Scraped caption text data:
=== Begin Enclosure ===

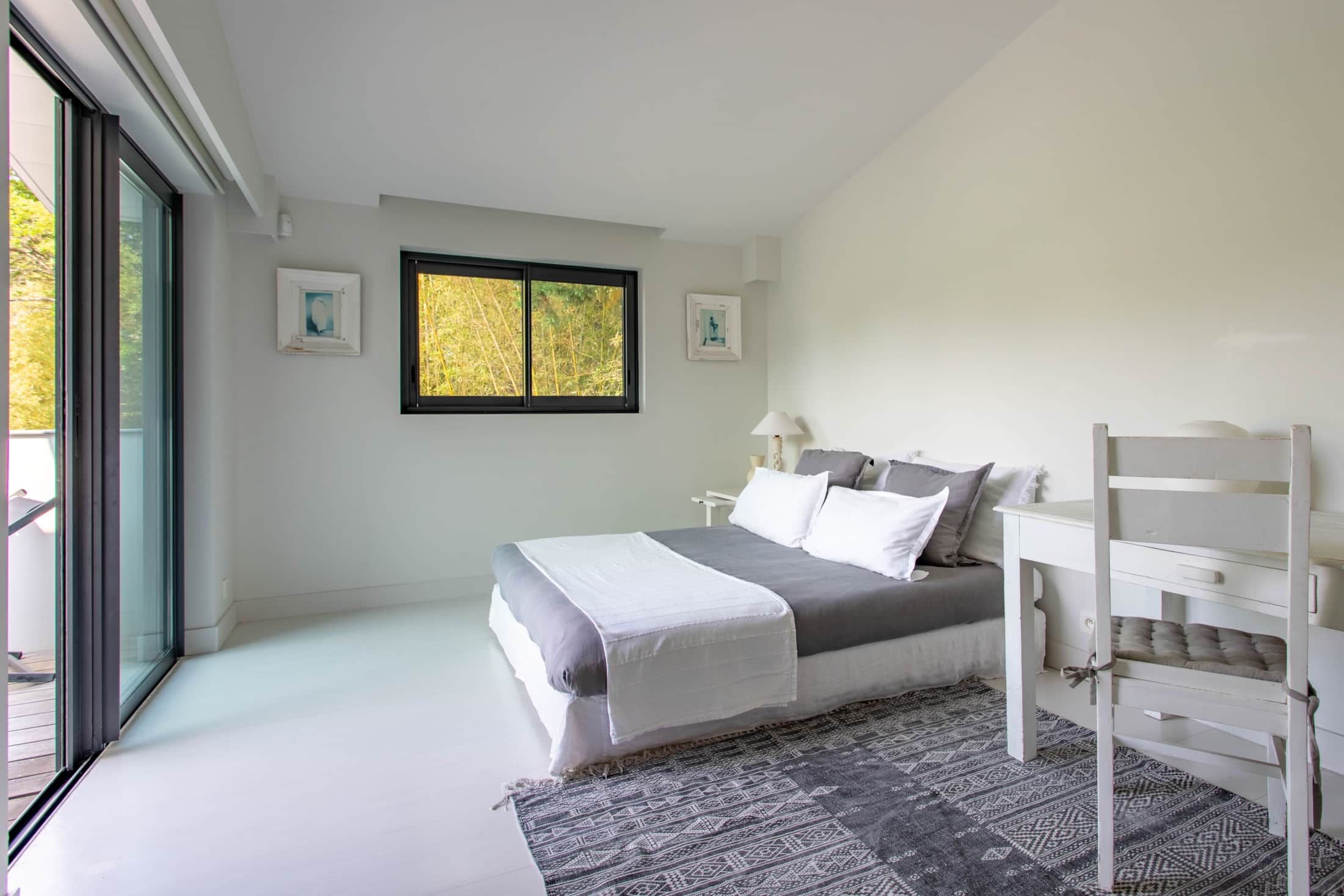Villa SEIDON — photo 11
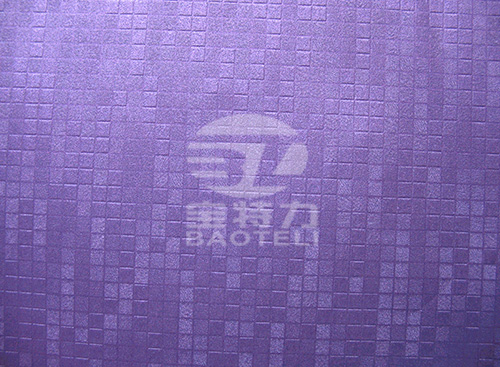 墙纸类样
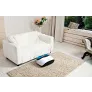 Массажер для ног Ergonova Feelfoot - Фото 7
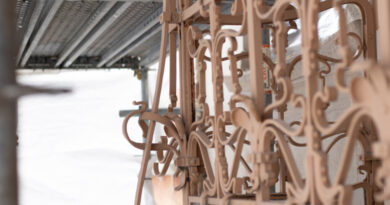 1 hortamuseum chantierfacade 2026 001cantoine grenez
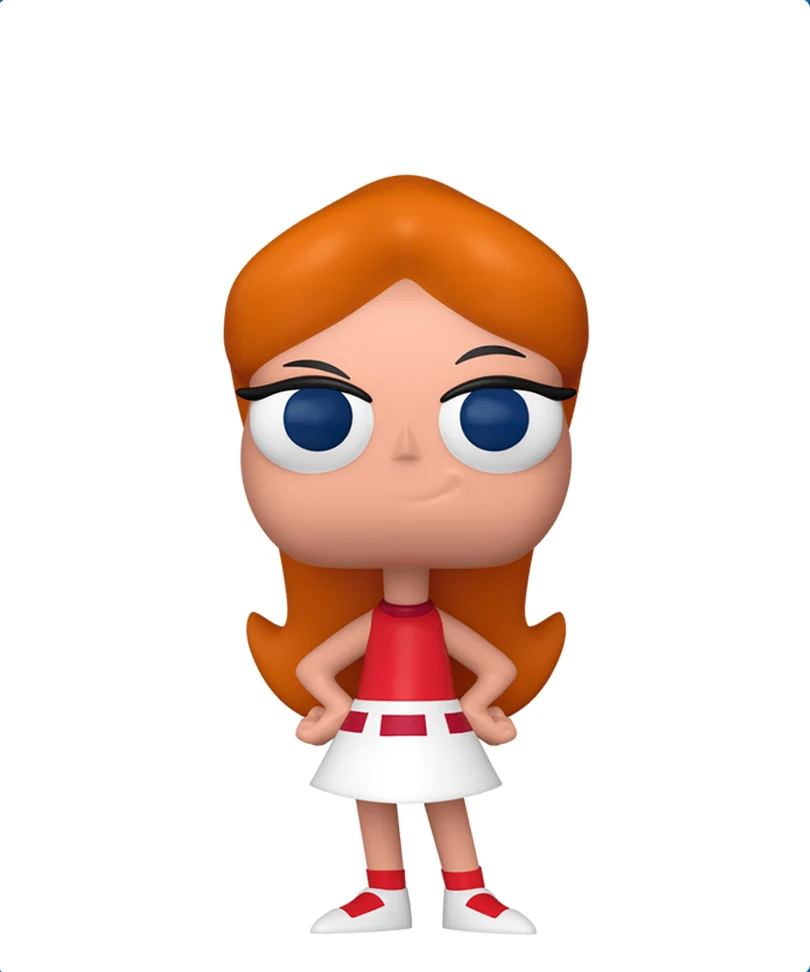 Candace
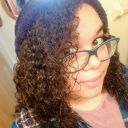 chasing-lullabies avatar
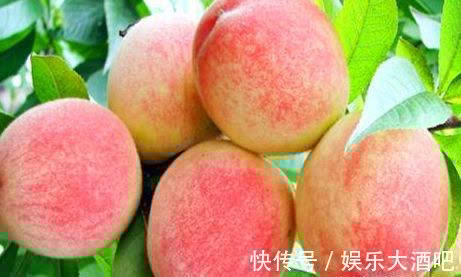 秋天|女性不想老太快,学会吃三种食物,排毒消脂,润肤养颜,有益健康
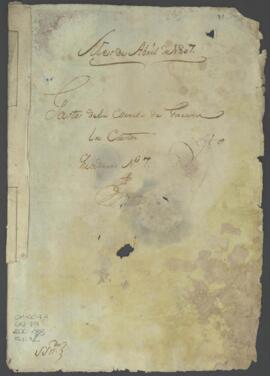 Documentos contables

=== End Enclosure ===

◆ **The task**
Drop the images; copy every entry above exactly.

◆ **Answer to this task**
Villa SEIDON — photo 11
 墙纸类样
 Массажер для ног Ergonova Feelfoot - Фото 7
 1 hortamuseum chantierfacade 2026 001cantoine grenez
 Candace
 chasing-lullabies avatar
 秋天|女性不想老太快,学会吃三种食物,排毒消脂,润肤养颜,有益健康
 Documentos contables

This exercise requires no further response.